Lower Gastrointestinal Bleeding Imaging

Lower gastrointestinal bleeding is defined as bleeding from the bowel distal to the ligament of Treitz (see the image below). Lower GI bleeding can be acute or chronic. Massive GI bleeding will result in hemodynamic instability and decreasing hemoglobin levels, which need to be treated with transfusions. Flexible endoscopy is the gold standard for the diagnosis and treatment of GI bleeding but identifies the bleeding in only up to 40% of cases. Once bleeding is identified on endoscopy, over 90% of cases can be successfully treated.  Approximately 85% of cases of lower GI bleeding can be managed by supportive treatment only. ^{[1, 2, 3, 4, 5]}  Diverticulosis has been implicated as the source of bleeding in as many as 60% of cases. The diverticula are more prevalent in the left or sigmoid colon, but positive arteriographic findings for bleeding localizes the bleeding to the right colon in 60% of cases. ^[6]

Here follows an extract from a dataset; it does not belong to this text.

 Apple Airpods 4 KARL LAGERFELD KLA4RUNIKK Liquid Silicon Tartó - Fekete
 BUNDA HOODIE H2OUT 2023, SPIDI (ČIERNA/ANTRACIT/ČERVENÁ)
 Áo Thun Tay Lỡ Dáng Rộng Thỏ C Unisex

In approximately 90% of cases, lower GI bleeds resolve spontaneously. Mortality is about 4%. Other causes of lower GI bleeding include vascular ectasia, malignancy, inflammatory bowel disease, ischemic colitis, and anorectal abnormalities. ^{[7, 8, 9, 10]}

Imaging modalities

Colonoscopy after rapid oral purging has emerged as the procedure of choice for the evaluation of acute lower GI bleeding (69-90% yield), and it also provides a means for therapy. ^[11] This procedure involves the use of thermal contact modalities or epinephrine injections in cases of diverticula and vascular ectasia. Similarly, other causes of lower GI bleeding can be effectively treated during colonoscopy.

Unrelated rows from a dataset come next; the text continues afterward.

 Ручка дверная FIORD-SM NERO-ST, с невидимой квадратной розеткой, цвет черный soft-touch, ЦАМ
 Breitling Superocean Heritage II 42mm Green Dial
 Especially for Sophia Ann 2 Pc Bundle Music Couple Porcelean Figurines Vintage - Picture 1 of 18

A meta-analysis of 6 studies found that early colonoscopy, versus delayed colonoscopy, was associated with a higher rate of detection of the bleeding source, as well as a higher rate of endoscopic intervention. ^[12]

Various imaging modalities may be employed to diagnose and define a source of bleeding, including colonoscopy, nuclear scintigraphy with technetium‐99m‐labeled red blood cell or ^99mTc sulfur colloid, computed tomography, and transcatheter digital subtraction angiography. Because of limitations associated with colonoscopy and scintigraphy, CT is used as the diagnostic tool of choice for high sensitivity to depict arterial anatomy and help facilitate accurate catheterization. ^[13]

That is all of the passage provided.